El gran Javier Cansado también aporta su opinión: «Cuanto más incorrecto contra los ofendiditos, mejor. El humor que utiliza “nombres propios” no me interesa y me parece barato. Si vas a hacer un chiste que va a causar dolor, por favor, que al menos sea buenísimo. Yo tengo la fortuna de practicar lo que lealmente se llama humor absurdo y no utilizo ni política ni coyuntura... Personalmente, no me veo afectado por la polémica de los susodichos límites. Estoy en un momento vital y creativo que en el escenario, en una improvisación por ejemplo, digo lo que me da la gana y no me arredro por las posibles consecuencias».
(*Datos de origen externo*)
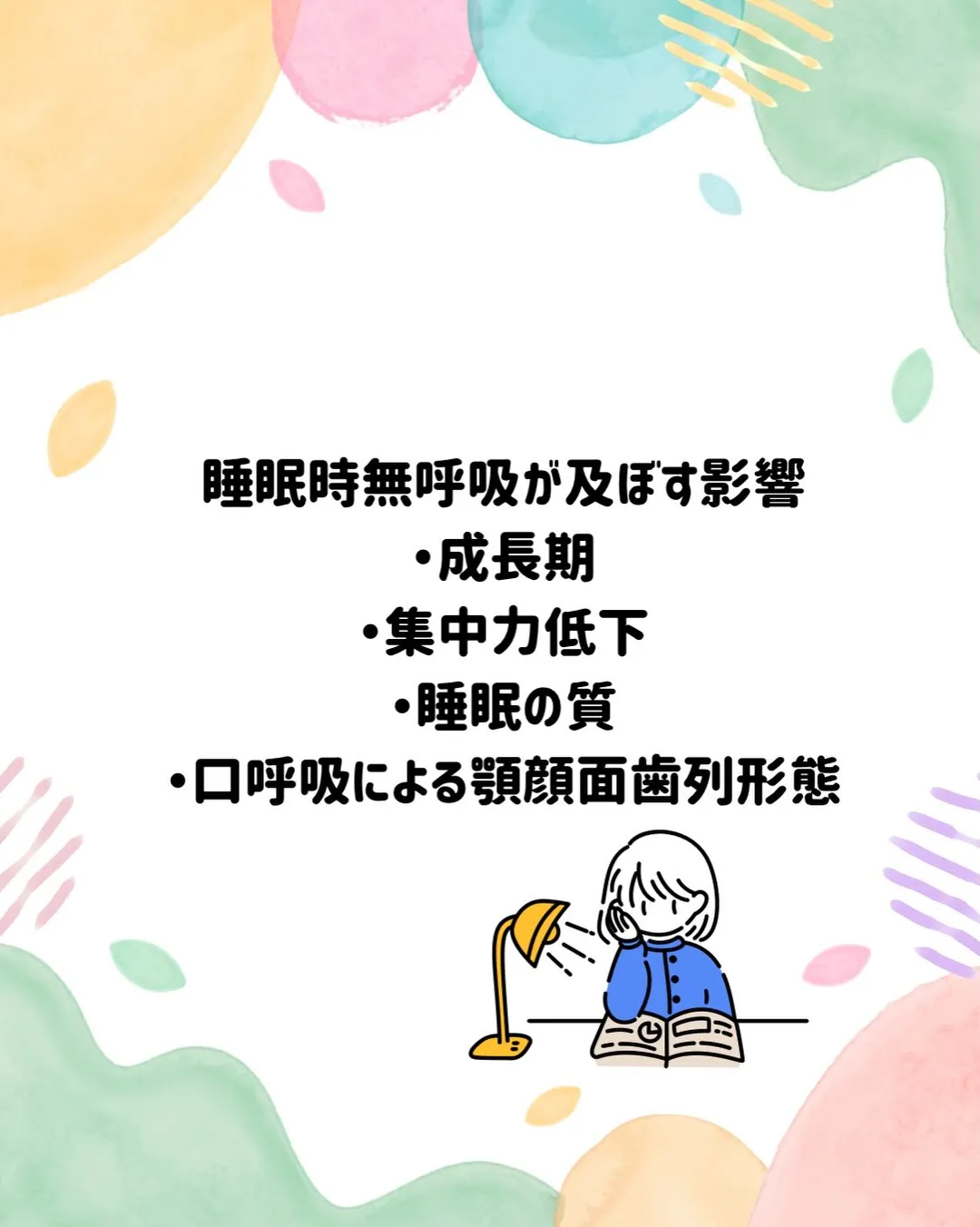 子どものいびきについて💤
«Por supuesto que se corre el riesgo de caer en la autocensura», asegura De la Iglesia. «La autocensura es igual de eficaz que la censura institucional, sólo que mucho más barata porque no necesita funcionarios que la ejerzan. Es algo que entendió muy bien Manuel Fraga con su Ley de Prensa cuando fue ministro de Franco. La cosa se presentó como una “apertura” del régimen, puesto que se suprimía la censura previa; la libertad de Prensa no tendría más límites que las leyes... de una dictadura, como la Ley de Principios del Movimiento Nacional y demás Leyes Fundamentales. De esta manera se suprimía el trámite de hacer leer los textos a un censor, obligando al periodista a autocensurarse para evitar problemas». «Últimamente», confiesa Téllez, «creo memes que suelto en internet a modo de desahogo, y lo hago anónimamente porque sé que me acarrearían broncas y censuras en redes, además de más que probables represalias laborales». «Y lo entiendo –dice Galán–. Hay mucho paro y no todo el mundo puede permitirse desafiar en sátira y en comedia, porque te llueven palos sin parar».
«Mis propios límites tienen más que ver con el sentido común que con cualquier otra consideración», justifica Ortega. «Procuro putear a las menos personas posibles, no quiero hacer daño a diestro y siniestro. En esencia, me esfuerzo por diferenciar el humor, al que adoro, de la burla, a la que desprecio».
«En caso de tragedia –nos dice Colubi–, la primera víctima es la verdad, la segunda es el humor». Esperamos que se equivoque.